I stare out the window at the city lights as my coffee shop hero fights through traffic to bring me to the hospital. The heartbeat of Miami is just starting to thrum at this time of night, while mine is slowly dying. I know that in just a few short blocks this will all be over. I will probably never see him again outside of my dreams, and I’ll have to go home and face Bastain. And the earth-shattering truth that threatens to tear my world apart.
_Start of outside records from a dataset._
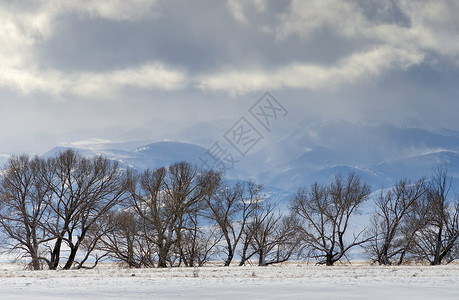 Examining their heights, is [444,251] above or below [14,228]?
below

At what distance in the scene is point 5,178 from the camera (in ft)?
113

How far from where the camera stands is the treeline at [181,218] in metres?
35.3

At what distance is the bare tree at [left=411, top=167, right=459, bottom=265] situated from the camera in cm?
3666

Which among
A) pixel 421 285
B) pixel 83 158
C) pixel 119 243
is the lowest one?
pixel 421 285

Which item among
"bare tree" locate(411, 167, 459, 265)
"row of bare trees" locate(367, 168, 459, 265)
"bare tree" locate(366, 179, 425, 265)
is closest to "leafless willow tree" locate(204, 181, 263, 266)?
"bare tree" locate(366, 179, 425, 265)

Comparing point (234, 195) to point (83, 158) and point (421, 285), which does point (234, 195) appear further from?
point (421, 285)

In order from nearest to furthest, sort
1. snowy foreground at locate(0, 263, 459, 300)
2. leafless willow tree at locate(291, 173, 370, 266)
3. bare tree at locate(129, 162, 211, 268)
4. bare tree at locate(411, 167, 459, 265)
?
snowy foreground at locate(0, 263, 459, 300), bare tree at locate(411, 167, 459, 265), bare tree at locate(129, 162, 211, 268), leafless willow tree at locate(291, 173, 370, 266)

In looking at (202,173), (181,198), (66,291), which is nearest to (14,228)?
(181,198)

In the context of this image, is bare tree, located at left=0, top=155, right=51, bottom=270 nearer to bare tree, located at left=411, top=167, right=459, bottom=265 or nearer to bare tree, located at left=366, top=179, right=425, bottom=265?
bare tree, located at left=366, top=179, right=425, bottom=265

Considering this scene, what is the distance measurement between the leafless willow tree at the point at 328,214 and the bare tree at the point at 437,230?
4842mm

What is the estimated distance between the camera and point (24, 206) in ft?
114

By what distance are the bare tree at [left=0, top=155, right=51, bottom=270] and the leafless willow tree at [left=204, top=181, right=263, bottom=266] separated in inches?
544

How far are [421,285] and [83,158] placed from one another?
2882 cm

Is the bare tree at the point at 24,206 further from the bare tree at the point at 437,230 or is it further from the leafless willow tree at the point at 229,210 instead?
the bare tree at the point at 437,230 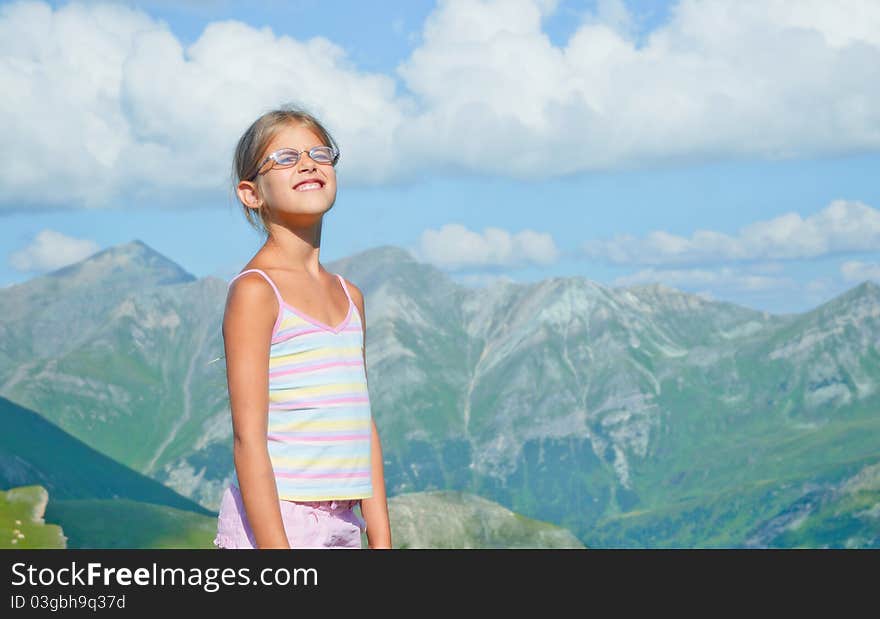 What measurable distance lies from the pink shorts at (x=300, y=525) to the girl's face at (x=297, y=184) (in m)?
1.95

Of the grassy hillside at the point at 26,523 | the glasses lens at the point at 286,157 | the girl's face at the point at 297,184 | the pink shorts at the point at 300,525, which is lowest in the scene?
the pink shorts at the point at 300,525

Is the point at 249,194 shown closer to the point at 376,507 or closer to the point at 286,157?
the point at 286,157

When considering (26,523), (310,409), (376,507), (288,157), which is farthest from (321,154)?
(26,523)

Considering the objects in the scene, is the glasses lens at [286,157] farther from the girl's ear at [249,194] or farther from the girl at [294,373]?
the girl's ear at [249,194]

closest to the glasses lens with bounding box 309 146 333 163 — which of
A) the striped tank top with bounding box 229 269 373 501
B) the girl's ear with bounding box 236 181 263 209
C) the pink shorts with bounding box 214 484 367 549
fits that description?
the girl's ear with bounding box 236 181 263 209

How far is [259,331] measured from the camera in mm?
7500

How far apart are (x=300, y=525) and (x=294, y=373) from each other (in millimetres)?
1003

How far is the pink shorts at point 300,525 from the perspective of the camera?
7621 mm

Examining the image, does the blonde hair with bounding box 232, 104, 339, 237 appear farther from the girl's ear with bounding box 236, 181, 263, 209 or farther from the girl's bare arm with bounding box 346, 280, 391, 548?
the girl's bare arm with bounding box 346, 280, 391, 548

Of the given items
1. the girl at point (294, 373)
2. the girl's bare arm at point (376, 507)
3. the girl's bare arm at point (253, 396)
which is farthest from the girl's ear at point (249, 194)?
the girl's bare arm at point (376, 507)

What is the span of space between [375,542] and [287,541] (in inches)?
42.6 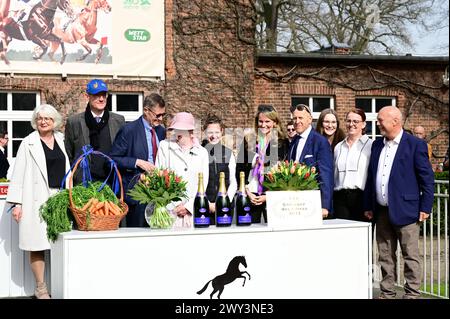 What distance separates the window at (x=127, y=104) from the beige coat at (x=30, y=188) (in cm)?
860

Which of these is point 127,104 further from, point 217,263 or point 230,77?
point 217,263

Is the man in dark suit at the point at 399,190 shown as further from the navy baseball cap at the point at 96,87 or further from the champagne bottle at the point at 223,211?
the navy baseball cap at the point at 96,87

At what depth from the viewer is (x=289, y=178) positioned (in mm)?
4746

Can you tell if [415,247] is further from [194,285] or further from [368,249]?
[194,285]

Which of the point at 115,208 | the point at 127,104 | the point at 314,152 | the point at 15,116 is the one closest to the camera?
the point at 115,208

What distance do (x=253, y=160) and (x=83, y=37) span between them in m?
9.36

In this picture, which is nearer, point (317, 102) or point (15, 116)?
point (15, 116)

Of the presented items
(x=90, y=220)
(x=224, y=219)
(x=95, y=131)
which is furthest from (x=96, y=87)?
(x=224, y=219)

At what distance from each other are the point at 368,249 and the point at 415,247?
1.21 meters

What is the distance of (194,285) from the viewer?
4.52 meters

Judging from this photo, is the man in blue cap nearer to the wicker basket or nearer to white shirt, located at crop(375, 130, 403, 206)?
the wicker basket

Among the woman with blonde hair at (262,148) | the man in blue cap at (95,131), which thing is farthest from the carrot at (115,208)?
the man in blue cap at (95,131)

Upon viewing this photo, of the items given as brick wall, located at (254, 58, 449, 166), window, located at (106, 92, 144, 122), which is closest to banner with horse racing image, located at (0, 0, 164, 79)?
window, located at (106, 92, 144, 122)

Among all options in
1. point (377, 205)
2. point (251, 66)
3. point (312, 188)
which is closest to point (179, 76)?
point (251, 66) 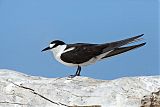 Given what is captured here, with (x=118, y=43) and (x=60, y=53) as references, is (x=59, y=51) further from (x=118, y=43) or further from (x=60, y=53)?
(x=118, y=43)

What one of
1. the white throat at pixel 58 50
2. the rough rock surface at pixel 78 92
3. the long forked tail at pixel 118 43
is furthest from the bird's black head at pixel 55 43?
the rough rock surface at pixel 78 92

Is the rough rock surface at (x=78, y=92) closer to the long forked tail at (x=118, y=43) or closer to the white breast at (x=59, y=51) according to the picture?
the long forked tail at (x=118, y=43)

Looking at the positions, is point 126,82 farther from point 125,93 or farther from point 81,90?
point 81,90

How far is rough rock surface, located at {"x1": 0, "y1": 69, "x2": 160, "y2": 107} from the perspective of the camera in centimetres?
286

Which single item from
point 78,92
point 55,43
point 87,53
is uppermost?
point 55,43

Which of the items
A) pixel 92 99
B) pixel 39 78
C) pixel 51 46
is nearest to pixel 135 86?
pixel 92 99

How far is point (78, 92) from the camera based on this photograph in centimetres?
292

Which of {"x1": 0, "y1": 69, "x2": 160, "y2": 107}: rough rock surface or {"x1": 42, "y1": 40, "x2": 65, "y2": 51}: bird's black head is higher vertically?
{"x1": 42, "y1": 40, "x2": 65, "y2": 51}: bird's black head

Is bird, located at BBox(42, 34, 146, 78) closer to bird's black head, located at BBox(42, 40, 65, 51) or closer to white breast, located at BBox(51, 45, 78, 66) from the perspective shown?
white breast, located at BBox(51, 45, 78, 66)

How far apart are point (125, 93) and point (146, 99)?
17 centimetres

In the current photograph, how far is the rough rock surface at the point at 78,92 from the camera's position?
2.86 metres

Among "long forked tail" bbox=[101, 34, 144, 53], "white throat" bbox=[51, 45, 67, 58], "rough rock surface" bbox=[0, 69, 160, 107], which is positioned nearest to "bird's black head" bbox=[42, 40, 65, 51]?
"white throat" bbox=[51, 45, 67, 58]

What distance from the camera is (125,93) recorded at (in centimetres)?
289

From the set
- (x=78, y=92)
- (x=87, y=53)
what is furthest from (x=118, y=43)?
(x=78, y=92) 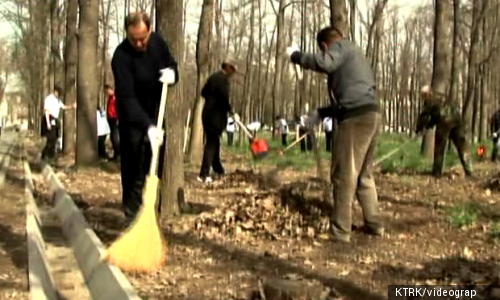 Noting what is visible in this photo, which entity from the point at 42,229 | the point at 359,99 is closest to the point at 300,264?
the point at 359,99

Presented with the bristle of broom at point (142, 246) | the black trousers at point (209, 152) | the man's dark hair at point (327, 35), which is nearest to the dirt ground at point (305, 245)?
the bristle of broom at point (142, 246)

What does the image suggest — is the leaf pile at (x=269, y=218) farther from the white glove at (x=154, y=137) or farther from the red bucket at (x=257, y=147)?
the red bucket at (x=257, y=147)

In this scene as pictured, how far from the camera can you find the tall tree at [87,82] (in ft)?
53.6

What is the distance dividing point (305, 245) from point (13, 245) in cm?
A: 297

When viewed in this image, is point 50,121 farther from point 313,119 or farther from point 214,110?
point 313,119

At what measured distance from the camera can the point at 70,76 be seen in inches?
963

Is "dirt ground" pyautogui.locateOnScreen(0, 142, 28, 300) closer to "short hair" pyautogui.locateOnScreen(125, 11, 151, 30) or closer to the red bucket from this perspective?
"short hair" pyautogui.locateOnScreen(125, 11, 151, 30)

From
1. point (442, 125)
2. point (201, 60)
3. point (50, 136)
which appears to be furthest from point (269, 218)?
point (50, 136)

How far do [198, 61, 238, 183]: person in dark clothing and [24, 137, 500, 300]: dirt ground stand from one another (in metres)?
1.46

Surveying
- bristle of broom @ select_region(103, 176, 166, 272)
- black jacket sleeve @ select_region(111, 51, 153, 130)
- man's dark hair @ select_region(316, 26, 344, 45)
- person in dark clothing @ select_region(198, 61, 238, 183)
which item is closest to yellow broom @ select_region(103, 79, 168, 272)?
bristle of broom @ select_region(103, 176, 166, 272)

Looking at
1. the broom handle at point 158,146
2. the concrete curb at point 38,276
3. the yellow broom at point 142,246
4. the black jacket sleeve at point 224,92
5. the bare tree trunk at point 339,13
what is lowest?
the concrete curb at point 38,276

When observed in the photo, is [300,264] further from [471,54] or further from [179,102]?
[471,54]

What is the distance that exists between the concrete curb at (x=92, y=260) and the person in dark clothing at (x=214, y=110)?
318 centimetres

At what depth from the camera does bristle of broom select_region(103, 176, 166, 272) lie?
5.71 meters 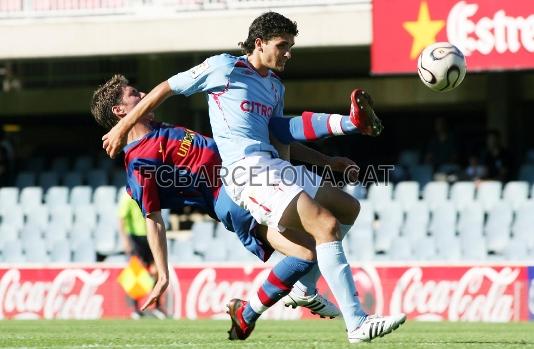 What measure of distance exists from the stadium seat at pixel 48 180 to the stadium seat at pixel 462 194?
22.2 feet

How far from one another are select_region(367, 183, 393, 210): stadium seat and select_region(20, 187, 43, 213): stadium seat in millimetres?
5168

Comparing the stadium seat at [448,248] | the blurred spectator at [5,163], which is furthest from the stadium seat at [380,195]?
the blurred spectator at [5,163]

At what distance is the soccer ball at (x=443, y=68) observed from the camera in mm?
7812

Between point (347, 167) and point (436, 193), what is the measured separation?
30.7 ft

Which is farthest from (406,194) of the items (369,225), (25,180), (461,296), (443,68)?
(443,68)

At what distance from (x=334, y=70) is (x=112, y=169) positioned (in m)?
4.27

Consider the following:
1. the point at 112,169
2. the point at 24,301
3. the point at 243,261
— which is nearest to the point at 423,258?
the point at 243,261

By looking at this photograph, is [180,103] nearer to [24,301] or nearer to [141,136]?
[24,301]

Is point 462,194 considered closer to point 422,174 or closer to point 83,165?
point 422,174

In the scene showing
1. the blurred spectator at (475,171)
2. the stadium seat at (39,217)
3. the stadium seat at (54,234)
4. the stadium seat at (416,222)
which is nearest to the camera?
the stadium seat at (416,222)

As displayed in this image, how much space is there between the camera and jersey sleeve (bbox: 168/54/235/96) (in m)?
7.08

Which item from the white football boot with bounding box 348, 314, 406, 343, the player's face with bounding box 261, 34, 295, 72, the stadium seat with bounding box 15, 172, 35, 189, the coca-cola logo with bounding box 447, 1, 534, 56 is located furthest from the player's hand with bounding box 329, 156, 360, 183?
the stadium seat with bounding box 15, 172, 35, 189

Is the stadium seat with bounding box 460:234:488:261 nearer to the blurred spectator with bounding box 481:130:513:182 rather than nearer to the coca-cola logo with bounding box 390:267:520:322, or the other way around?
the coca-cola logo with bounding box 390:267:520:322

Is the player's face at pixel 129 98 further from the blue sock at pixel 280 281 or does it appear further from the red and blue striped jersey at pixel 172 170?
the blue sock at pixel 280 281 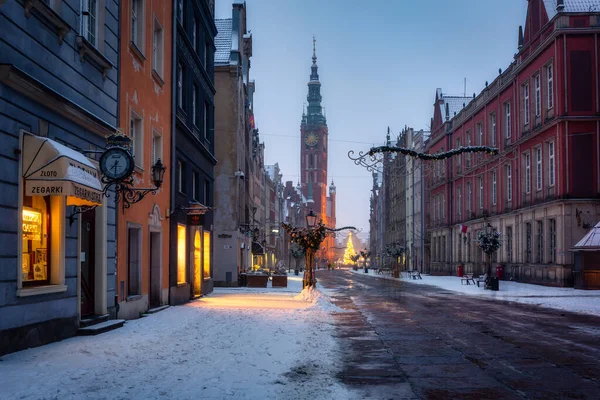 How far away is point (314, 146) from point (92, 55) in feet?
562

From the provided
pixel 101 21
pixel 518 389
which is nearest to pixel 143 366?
pixel 518 389

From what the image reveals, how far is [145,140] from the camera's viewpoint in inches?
715

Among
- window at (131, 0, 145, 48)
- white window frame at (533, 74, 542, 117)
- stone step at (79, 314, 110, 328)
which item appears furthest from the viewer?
white window frame at (533, 74, 542, 117)

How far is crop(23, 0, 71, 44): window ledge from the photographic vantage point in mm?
10602

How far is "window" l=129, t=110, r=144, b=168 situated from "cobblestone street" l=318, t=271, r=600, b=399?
22.1 feet

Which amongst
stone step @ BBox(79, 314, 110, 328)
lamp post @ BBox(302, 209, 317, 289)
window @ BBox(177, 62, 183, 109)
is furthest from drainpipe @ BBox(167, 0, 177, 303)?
lamp post @ BBox(302, 209, 317, 289)

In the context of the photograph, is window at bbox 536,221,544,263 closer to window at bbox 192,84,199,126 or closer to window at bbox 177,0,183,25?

The ibuprofen mystery guy gave me just before we left is helping a great deal with the pain and throbbing in my head. Or maybe it’s the company, or his gentle touch and kind smile. An energy I haven’t felt in years pulsates through my body whenever he’s near. The day I saw him in the coffee shop, he mesmerized me with his seductive smile and gracious manners. But, tonight he caught me by surprise with his exquisitely sculpted abs and tattoo covered arms. I knew he was fit, but I never would have guessed all that lay hidden beneath his three-piece suit. There was something so rugged and raw about his shirtless appearance that’s such a contrast to the calm and gentle way he was touching me. The way he looked at me when he lifted me up and brought me inside the gym. And again, when he brought his hand to my face, leaving a trail of blazing fire with his light strokes against my lips. I think he felt it too, or at least I hope he did. But he never acted or spoke out of line. I have no doubt he knows I’m lying about the accident, but he never attempted to argue.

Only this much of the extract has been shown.